When conducting statistical analyses, the term "sample size" refers to the number of observations or data points collected in a study. In the context of developing a confidence interval, the sample size significantly influences the precision and reliability of the interval estimate. A larger sample size generally leads to more precise estimates since it reduces the standard error.

• In our example, the sample size is \( n = 49 \).
• The sample was drawn from a larger population of 500 items, making \( n = 49 \) adequately representative assuming random sampling.
• Remember, the sample size is crucial in determining the degrees of freedom, which is essential for selecting the right statistical method to use, like the t-distribution used in this case.

Thus, when creating any confidence interval, first ensure you accurately identify and understand the sample size.

Degrees of freedom is a statistical concept that describes the number of values in a calculation that are free to vary. For a sample mean, the degrees of freedom is typically given by \( n - 1 \), where \( n \) is the sample size.

• With a sample size of 49, we find the degrees of freedom by calculating \( n - 1 = 48 \).
• Degrees of freedom is critical when using the t-distribution to determine the critical value necessary for constructing a confidence interval.

It essentially adjusts for the bias in the estimation of the sample variance and is a factor when we choose the correct t-statistic to ensure our interval estimate is accurate at the specified confidence level.

The standard error of the mean (SEM) represents the variability of the sample mean estimate from the true population mean. It assesses how far the sample mean is expected to deviate from the population mean and is calculated using the formula \( \text{SEM} = \frac{s}{\sqrt{n}} \), where \( s \) is the sample standard deviation.

• In the given problem, the standard deviation is 9 and the sample size is 49, leading to an SEM of \( \frac{9}{7} = 1.29 \).
• The SEM is crucial for determining the width of the confidence interval: a smaller SEM results in a narrower interval, indicating a more precise estimate.

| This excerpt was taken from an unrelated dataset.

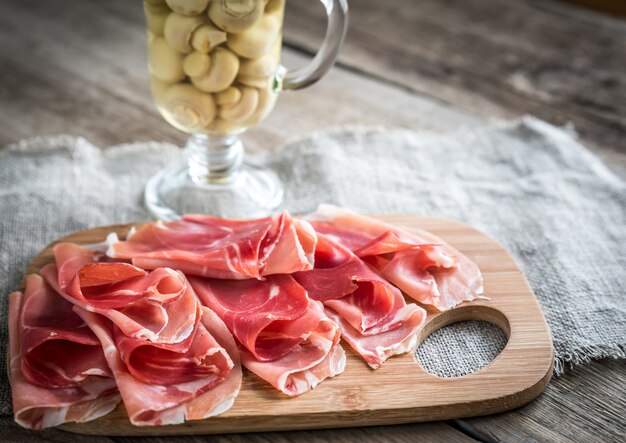 Tranches de jambon sur planche de bois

Hence, always ensure to compute the SEM accurately to properly inform any subsequent statistical inferences or interval estimations.

The critical value corresponds to the point on the t-distribution that defines the margins of the confidence interval for a specified confidence level. This critical value, often denoted as \( t^* \), is derived based on the desired level of confidence and the degrees of freedom.

• For a 99% confidence level and 48 degrees of freedom, the critical value from the t-distribution table is approximately 2.684.
• The critical value helps to scale the standard error, thus determining the distance from the sample mean to the interval boundaries.

Always refer to the appropriate statistical tables or utilize software to obtain the accurate critical value, especially for high confidence intervals which require more precision. This ensures your confidence interval truly reflects the desired level of certainty in your population parameter estimate.